# What is meant by "applying rotation in the space of $\gamma$" that makes the integral equals an infinite series?

In this paper, the author in proving the lemma

Let $$g(x) \geq 0$$ be defined for $$x \geq 0$$ and vanish for $$x > 1,$$ such that $$g(v_1^2 +\ldots + v_n^2)$$ is summable. Let $$f(w_1, \ldots, w_m) \geq 0$$ be summable. In the product space of the $$v$$'s and $$w$$'s let $$R$$ be a region such that $$\int_Rf(w_l, \ldots, w_m)g(v_1^2 +\ldots + v_n^2)\exp(\gamma_1v_1 +\ldots\gamma_n v_n)~dv dw = G(\gamma_1^2 +\ldots+\gamma_n^2)\tag 1.$$ Let $$w_0$$ be the region defined by the inequality $$v_1^2 + \ldots v_n^2 \geq k.\tag 2$$ Let $$\int_{R_0}f(w_l, \ldots, w_m)g(v_1^2 +\ldots + v_n^2)\exp(\gamma_1v_1 +\ldots\gamma_n v_n)~ dv dw = G_0(\gamma_1^2 +\ldots+\gamma_n^2)\tag 3.$$ Finally, let $$\int_Rf(w_l, \ldots, w_m)g(v_1^2 +\ldots + v_n^2)~ dv dw = \int_{R_0}f(w_l, \ldots, w_m)g(v_1^2 +\ldots + v_n^2)~ dv dw \tag 4.$$ Then $$G(x)\leq G(x_0)\tag 5$$ for all positive $$x.$$

first sets $$\gamma_1 = x$$ and other elements $$0$$ getting

$$G(x^2) = \int_Rf(w_l, \ldots, w_m)g(v_1^2 +\ldots + v_n^2)\exp(xv_1)~ dv dw .$$ He then claims this and conditions on $$f, ~g$$ imply $$G$$ is continuous.

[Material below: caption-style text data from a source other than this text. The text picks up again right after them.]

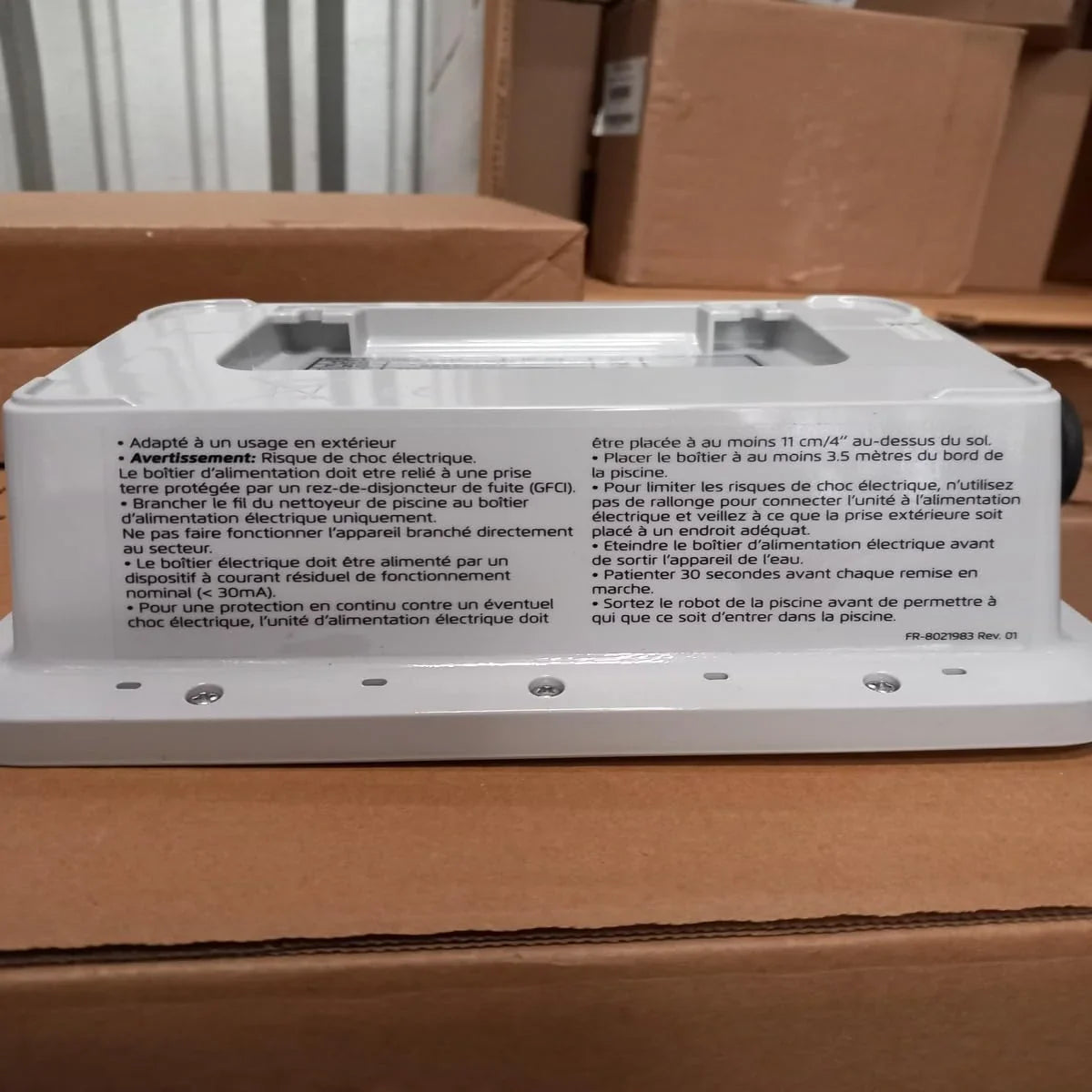 Dolphin Grundtransformator 230V für Roboter s und e 99956032 assy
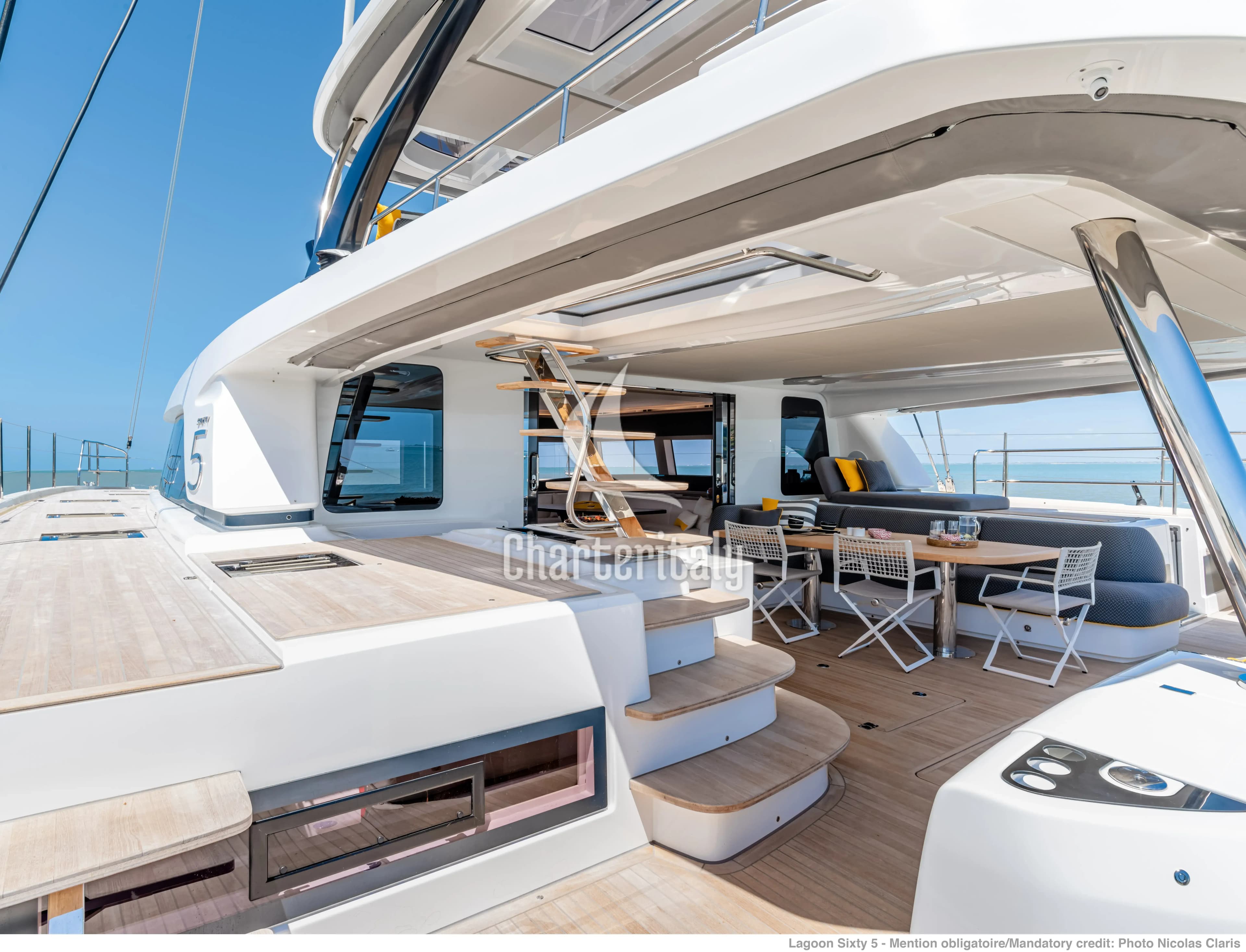 Lagoon Sixty 5 - SAILUXE - Aura - 15
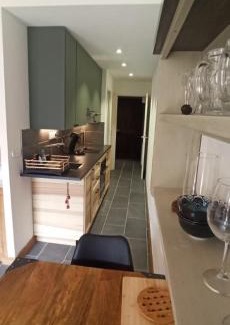 Monetier-les-Bains Apartment | Bright 30 M With Balcony Center Villa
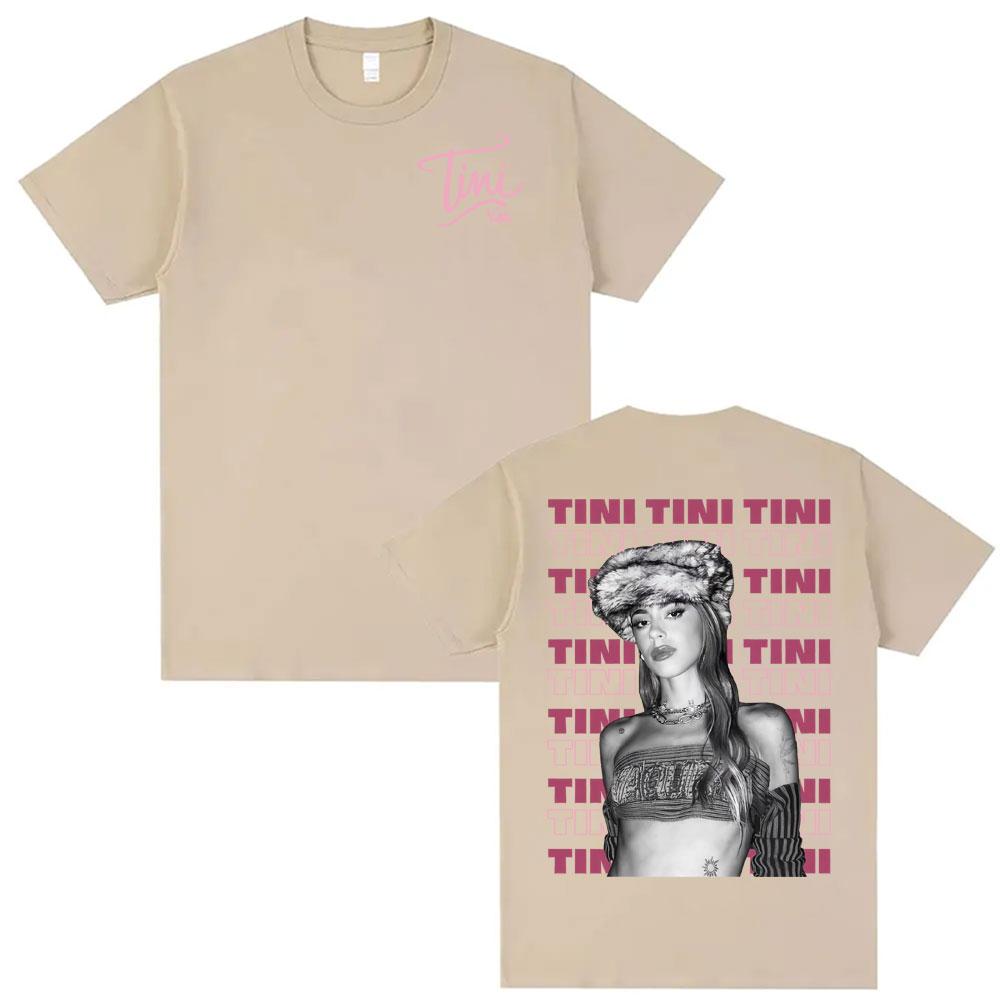 Singer Tini Stoessel Aesthetic Graphic Tshirt Men Womens Fashion Vintage Short Sleeve Summer High Street 100 Cotton T Shirt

He then multiplies $$(1)$$ by $$\exp(-\sum \gamma_i^2)$$ and integrating both sides over $$0\leq a\leq \sum \gamma_i^2\leq b$$ to get $$K\int_a^b x^{\frac12(n-2)}e^{-x}G(x)~ dx = \int_R f(w_1, \ldots, w_m)g\left(\sum v_i^2\right)~ dv dw\int_{a\leq \sum \gamma_i^2\leq b} \exp\left(-\sum \gamma_i^2 + \sum \gamma_i v_i\right)~d\gamma.\tag 6$$ Then he writes

Applying a rotation in the space of the $$\gamma$$'s to the inner integral in the right-hand side of $$(6),$$ we obtain \begin{align}K\int_a^b x^{\frac12(n-2)}e^{-x}G(x)~ dx &= \int_R f(w_1, \ldots, w_m)g\left(\sum v_i^2\right)~ dv dw\int_{a\leq \sum x_i^2\leq b} \exp\left[-\sum x_i^2 + \left(\sum v_i^2\right)^{\frac12}x_1\right]dx\\ &= \sum_{h=0}^\infty c_h I_h(R)\end{align} where $$I_h(R) = \frac{1}{(2h)!}\int_R f(w_1, \ldots, w_m)g\left(\sum v_i^2\right)^h~ dv dw$$ and $$c_h = \int_{a\leq \sum x_i^2\leq b} x_1^{2h}\exp\left(-\sum x_i^2\right)~ d x.$$

This is where I couldn't comprehend what the author had done.

My questions are:

$$\bullet$$ What did author mean by "applying a rotation in the space of $$\gamma$$s"? How did that "rotation" enable him to go from $$(6)$$ to express the integral as the infinite sum of $$c_h I_h(R)?$$ How did the rotation turn $$\sum \gamma_i v_i$$ into $$\left(\sum v_i^2\right)^{\frac12}x_1?$$

$$\bullet$$ In $$(6),$$ why is there $$x^{\frac12(n-2)}?$$ How does it appear in the LHS?